Convencionou-se dizer tratar-se de um presente grego, aqueles que, embora agrade ao destinatário, revela-se danosos no momento seguinte. Tem por origem a mitológica Guerra de Tróia, narrada por diversos autores da antiguidade, tendo-a, uns como evento mitológico, outros como histórico. Na parte que nos interessa para o texto, diz-se que os gregos fingindo uma retirada do cerco à Tróia, deixaram-lhes um enorme e lindo cavalo em madeira, que os troianos entenderam tratar-se de um presente, levando-o para dentro dos muros da cidadela. O cavalo, na verdade, escondia diversos guerreiros gregos e, uma vez dentro da cidade, trataram de facilitar o acesso dos demais soltados e travar uma batalha intramuros, vencida pelos gregos.
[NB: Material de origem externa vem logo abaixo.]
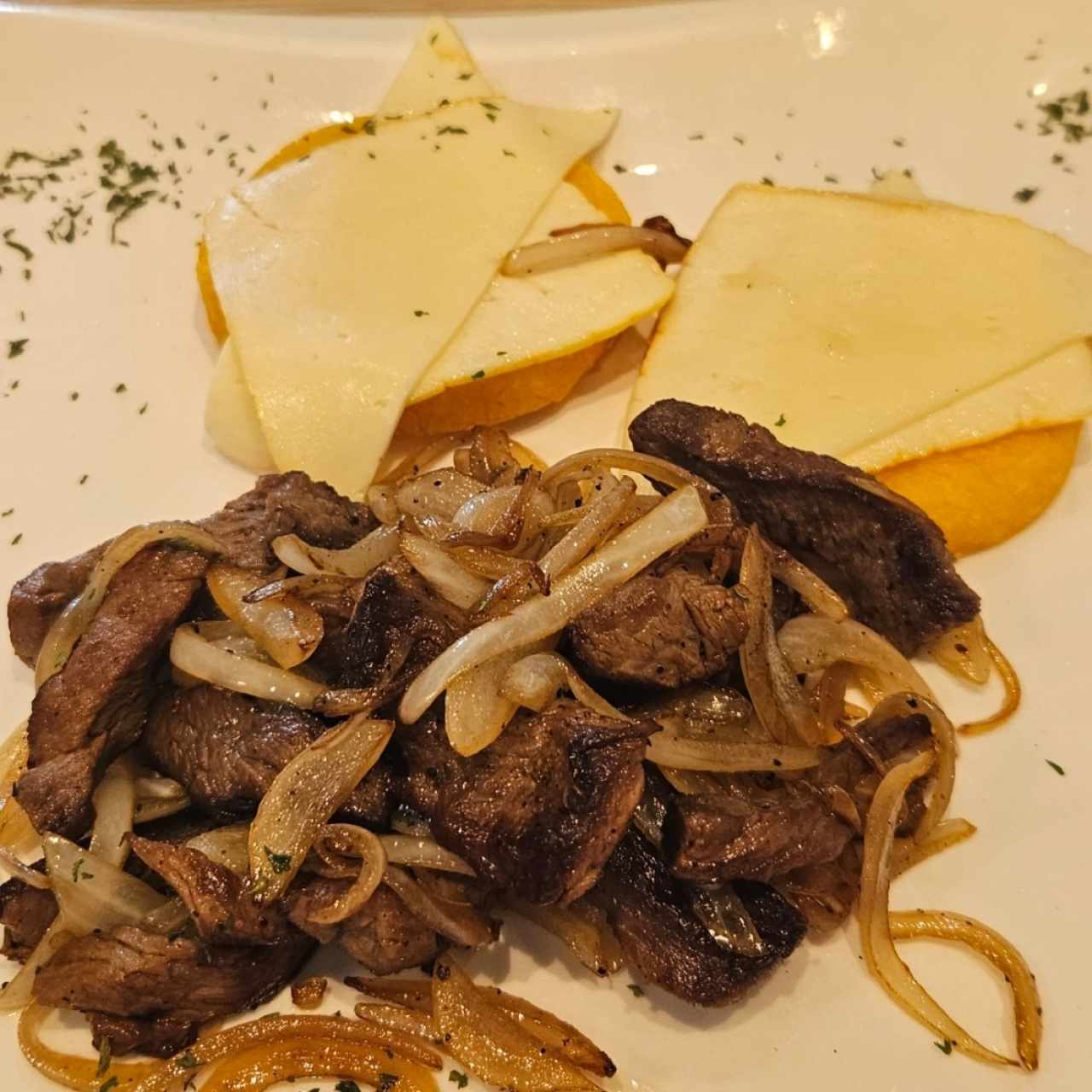 bistec encebollado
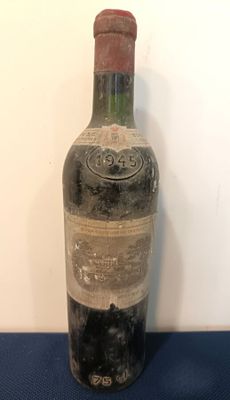 1 bt château Lafitte Rothschild 1945 Pauillac (étiquette sal…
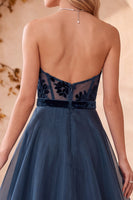 Laden Sie das Bild in den Galerie-Viewer, Marineblaues A-Linie Trägerloses Samt Organza Langes Festkleid
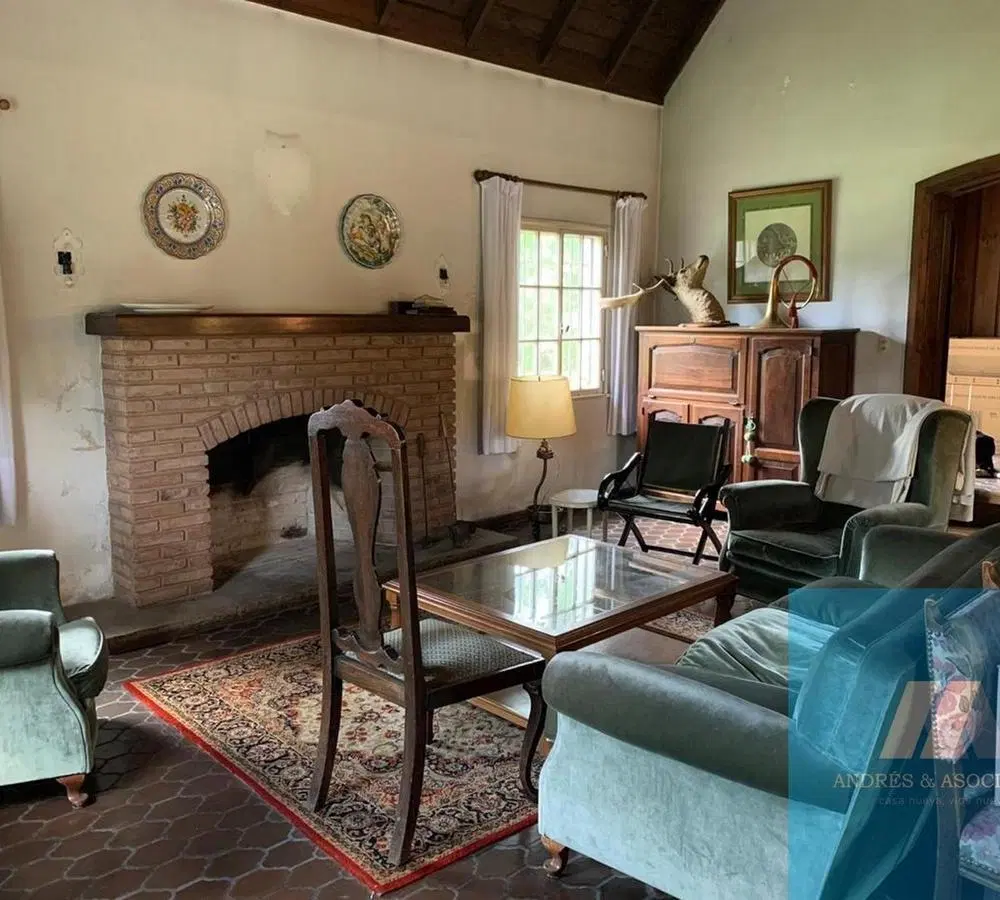 Venta casa OPORTUNIDAD PARA DESAROLLO, Bella Vista 1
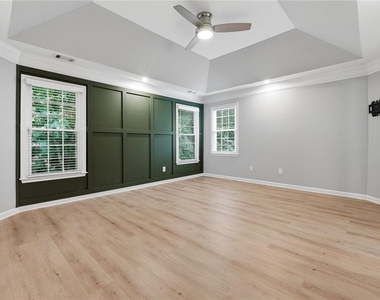 1106 Glenrose Drive Se - Photo Thumbnail 9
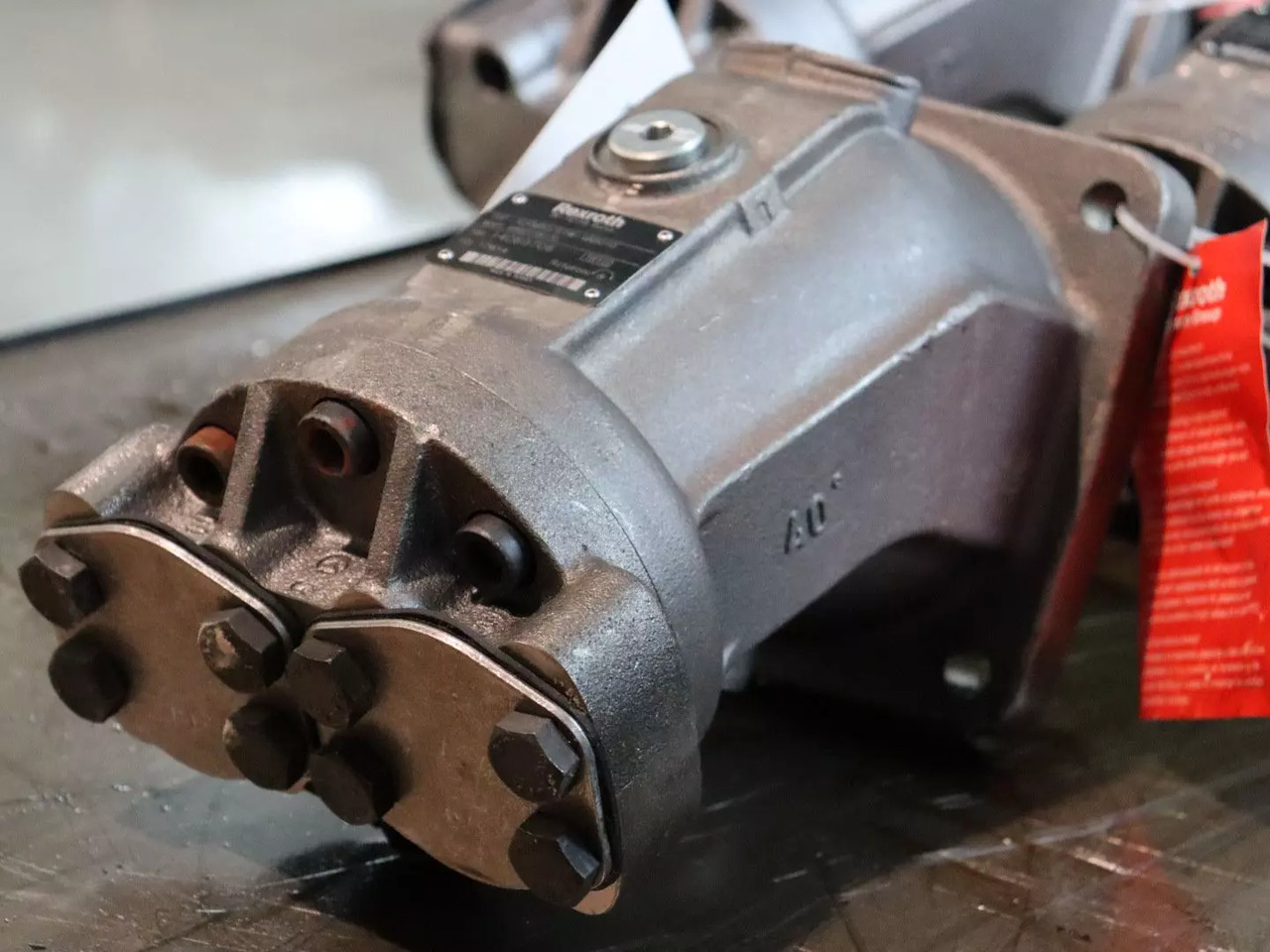 REXROTH A2FM80/61W-VAB010 - Motor hidráulico para Maquinaria de construcción: foto 2 REXROTH A2FM80/61W-VAB010 - Motor hidráulico para Maquinaria de construcción: foto 2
Manifestantes exibem faixa com mensagem cobrando rotatória e acostamento para ônibus

A mídia do Maranhão, numa das maiores e mais caras campanhas publicitárias da história do estado e do Brasil, não cessa de vender os feitos da governadora que deixa o cargo em 31 de dezembro, Roseana Sarney. Sua excelência, apenas para efeitos comparativos, tem mais divulgação no atual momento que Helena, pivô da guerra entre gregos e troianos em mais de 3 mil anos. Seus feitos são cantados em prosa e versos em TV’s, rádios, internet e capas de jornais. Falam das inúmeras rodovias, que dizem ligar todos as sedes dos municípios (sabemos que não é verdade); das dezenas de hospitais (alguns funcionam, outros, não, parte em construção); obras de infraestrutura na capital, viadutos, pontes e elevados (quase nenhum com recursos próprios do estado, grande parte mal feitos); mas vamos em frente.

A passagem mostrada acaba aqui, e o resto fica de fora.